Baths in England were once a week, eh!  But wasn't that only if the coal wasn't kept in the bathtub?

I have some very much less than pleasant olfactory memories of arriving in England from 'shower daily' Australia back in 1960 ...   Yes, OK, things are different here - for instance, it's HOT - especially just now in my part of the world.

Those who didn't notice it must undoubtedly have been used to it  :o
Who's for an Elizabethan nosegay (that's Liz II not Liz I)!

Sorry all  ::)

Though we were actually quite shocked; and when we spent some time travelling in England & Wales over the next couple of years we truly did stay in places where we couldn't have a bath or a shower because the bath was used as a storage, not a washing, facility.  Not to mention that I distinctly remember the shock/horror of the keepers of the Sabbath (that's the Christian Sabbath of Sunday not the biblical Jewish Sabbath of Saturday) in Wales when we attempted to wash the children's clothes on a Sunday ...

Tolerance and understanding are wonderful things.

Re other topics on this thread:

I remember that my daughter had to wear green knickers under her school uniform in Australia many many years later - and that they had knicker inspections!!
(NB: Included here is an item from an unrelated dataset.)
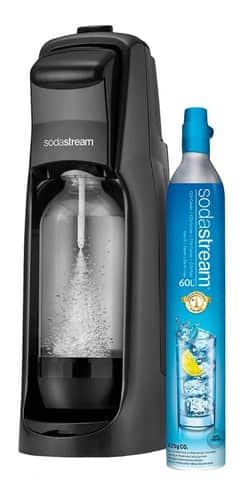 Cilindro SodaStream azul de rosca ao lado de uma máquina SodaStream preta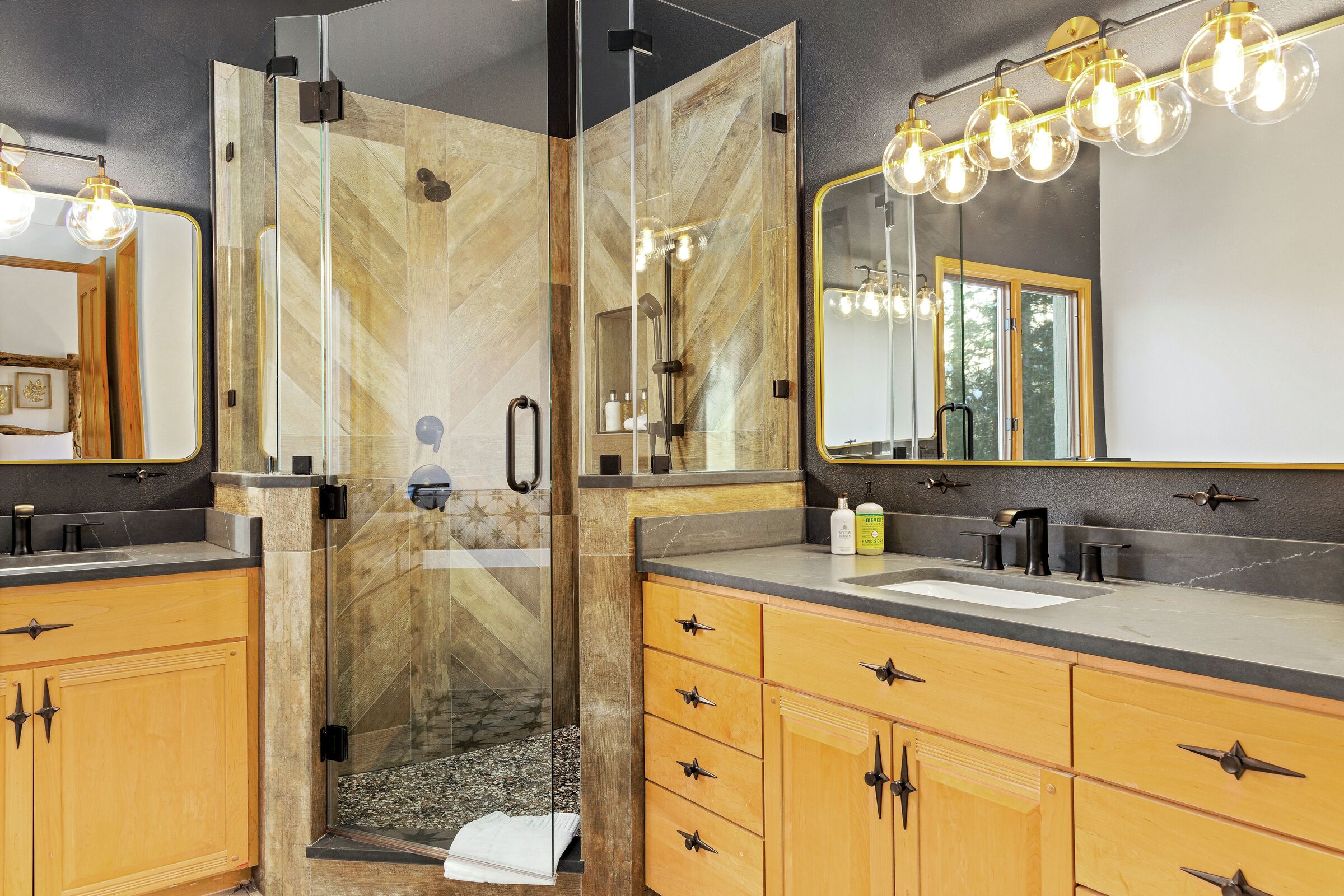 5 Bdrm 5.5 Bath HT - Ensuite Bathroom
My Australian school had inspections of PE uniforms (gym slips in England?).  We had to kneel and the hem had to just touch the floor - any longer or any shorter was unacceptable.  As the very shyest of shy school girls I remember being absolutely mortified that my home-made uniform was one inch above the floor when I knelt - and, of course, there was no way that I would speak up and explain that my poor mother couldn't possibly afford to buy/make a new uniform ...

That was a girls' school so there was no systemic pressure about which subjects one would do - apart from the fact that teachers wanted to get the good students so that certainly pressured students!  And it was an either/or choice - Science or Arts, nothing in-between.  Annoyingly for me; because of the subjects I'd been conned into doing, I ended up spending a year doing Arts at Univ before transferring to Science.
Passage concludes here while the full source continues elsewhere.